In his time at Qwest, Notebaert earned about $103 million while
selling Qwest's Dex directory and wireless assets, cutting more
than 12,000 jobs and trimming retiree benefits in order to
whittle down daunting debt.
No stranger to such tactics, he had encountered criticism in
past leadership jobs for selling Chicago-based Ameritech to an
out-of-town company and later laying off nearly 40 percent of
the workforce at Tellabs as the telecommunications equipment
supplier struggled through a downturn.
At Qwest, his relationship with the company's retirees has been
particularly bumpy. Qwest cut their health-care and
life-insurance benefits, prompting the head of the Association
of US West Retirees once to call him a traitor.
"He did a great job in turning around the company financially,"
said Nelson Phelps, executive director of the retirees'
association. "But he has been disingenuous and has made his own
personal profit income on retirees' backs."
Yet he led a financial recovery at a company that was $26
billion in debt, scorned by Wall Street and losing millions on
its fiber-optic and Internet operations.
His personal charm and devotion to community involvement made
him the antithesis of predecessor Joe Nacchio, a sometimes
abrasive CEO who de-emphasized community interaction after Qwest
merged with regional Bell phone company USWest.
An impact on Denver
Elbra Wedgeworth, who headed the effort to bring the Democratic
Party's 2008 presidential nominating convention to Denver, found
Notebaert eager to help in raising the needed money.
"When I went to his office, I said 'Do you have $40 million on
you?' and he said, 'No, but I can help you get it."'
Notebaert, who led Chicago's host committee for the Democratic
National Convention in 1996, has acted as a coach and
cheerleader for Denver's effort, Wedgeworth said. The company
has pledged $6 million in cash and services.
He began his telecommunications career washing repair trucks
while in college and eventually took the helm at Ameritech,
where he guided its merger with SBC Communications.
He followed his retirement from Ameritech with a job steering
Naperville, Ill.-based Tellabs. As the market for telecom
equipment faltered in 2000, Notebaert shuttered plants, dropped
new product lines and slashed jobs.
Despite deploying similarly tough tactics at Qwest, Notebaert's
relations with the Communications Workers of America, which
represents Qwest employees, have been cordial, said Annie Hill,
vice president of CWA District 7.
"He was overall good to work with. There were some things we
agreed on and some we couldn't work out," Hill said.
Government officials who worked with Notebaert said his
retirement will be a loss to Denver.
"You think back to the old Bell system, there was a community
orientation of the executives," said Tom Clark, executive vice
president with the Metro Denver Chamber of Commerce and the
Metro Denver Economic Development Corp. "Dick brought that good
part of the old Bell system back to Denver."

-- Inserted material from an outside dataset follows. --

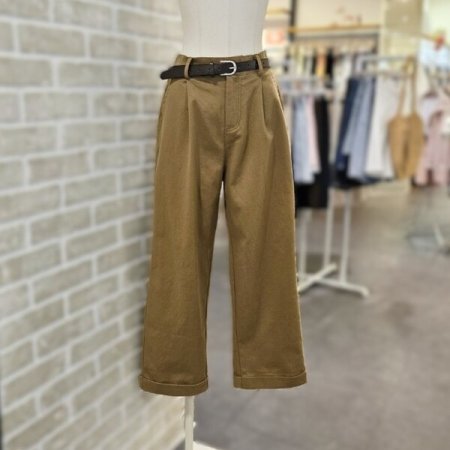 밑단 커프스 일자 통 팬츠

Denver Mayor John Hickenlooper calls Notebaert smart,
convincing, charming and always willing to help.
"He is very direct," Hickenlooper said. "We were sharing a beer
last week and talking about some policy issue around
communications that we disagreed on. I told him 'I can't get
that policy to fit in with the way I think,' and he just smiled
and said, 'We will just have to change the way you think."'
Notebaert wasn't successful in changing the mayor's mind that
time. But Hickenlooper said Notebaert always makes him think.
"He is one of the smartest guys in the room all the time,"
Hickenlooper said. "He is somebody who has remarkably sound
judgment and has been a great resource for me."
Notebaert had a reputation for civic involvement when he arrived
in Denver. Among other positions, he is chairman of the board
of trustees of the University of Notre Dame.
In Denver, he sits on the board of the Denver Center of the
Performing Arts and is one of the chairpersons on "A+ Citizens
Committee," a group that is looking for solutions to a building
crisis facing Denver Public Schools.
Notebaert hasn't said whether he will leave Denver when his time
at Qwest is finished. He has a house here and has not indicated
any desire to relinquish his position on the schools committee,
said Qwest spokesman Nicholas Sweers.